### PROMPT:
Lines from the one with "一个金发商务女性，穿着西装，拿着电话坐在咖啡馆的桌子旁" to the end of the material, both included: print them exactly and print nothing else. Omit the pictures.

══ PROVIDED DATA

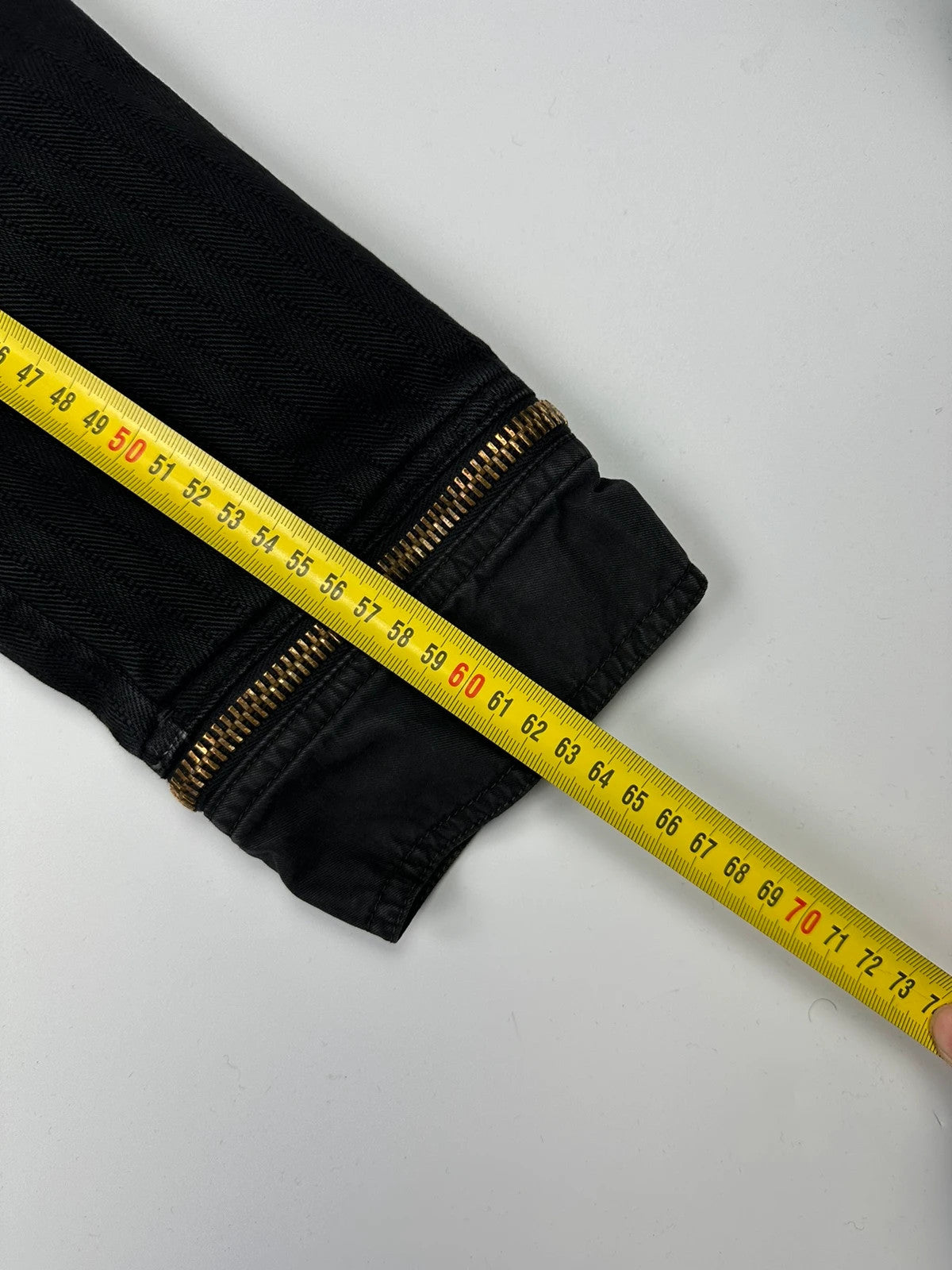 Dolce & Gabbana black denim jacket with detachable features and logo detailing.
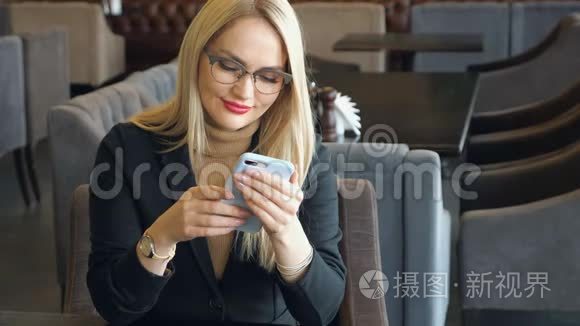 一个金发商务女性，穿着西装，拿着电话坐在咖啡馆的桌子旁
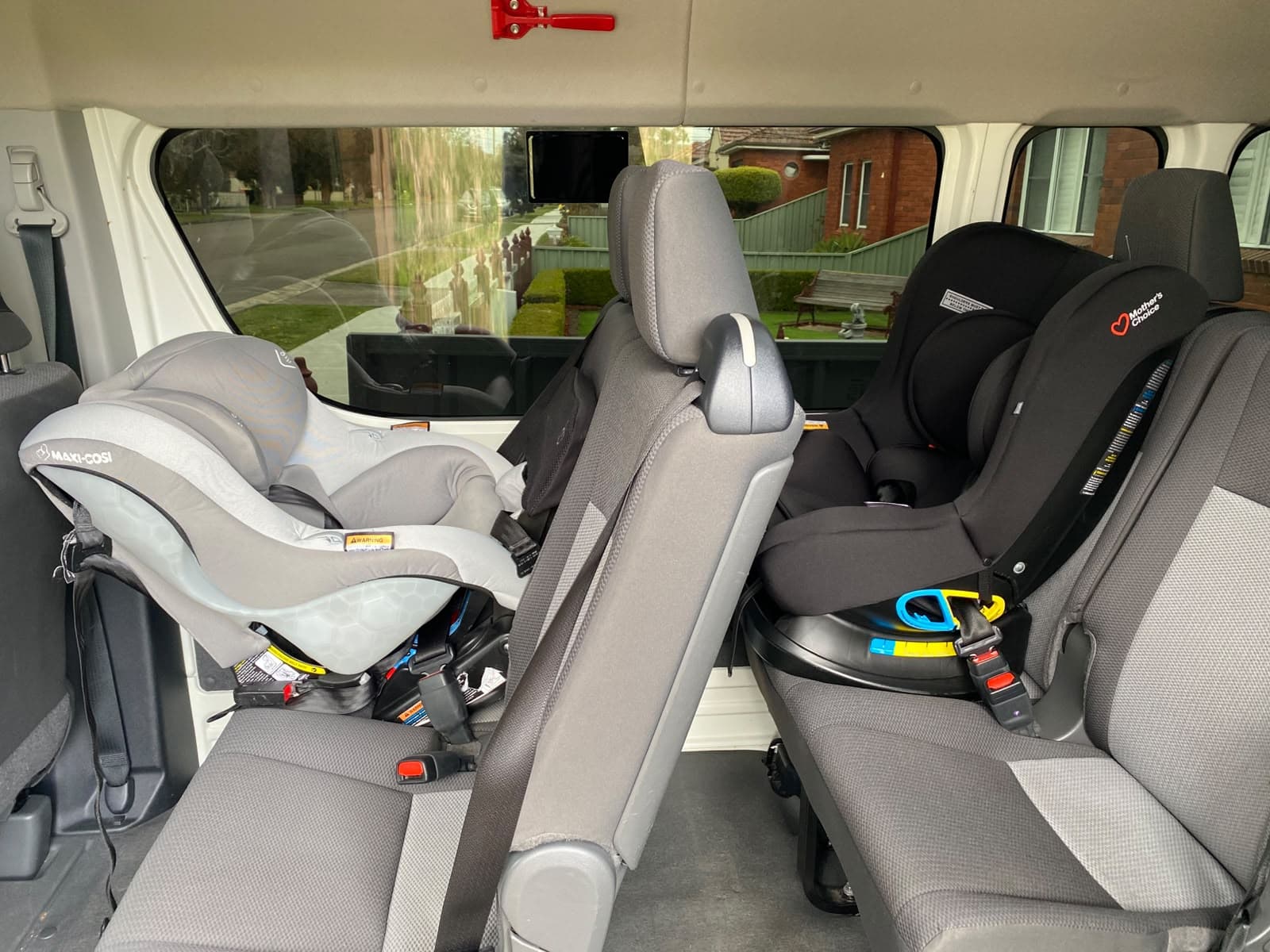 Two rear-facing baby seats fitted side by side in our van - a grey infant capsule and a black rotating baby seat, both in place before pickup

════

### TASK RESPONSE:
 一个金发商务女性，穿着西装，拿着电话坐在咖啡馆的桌子旁
 Two rear-facing baby seats fitted side by side in our van - a grey infant capsule and a black rotating baby seat, both in place before pickup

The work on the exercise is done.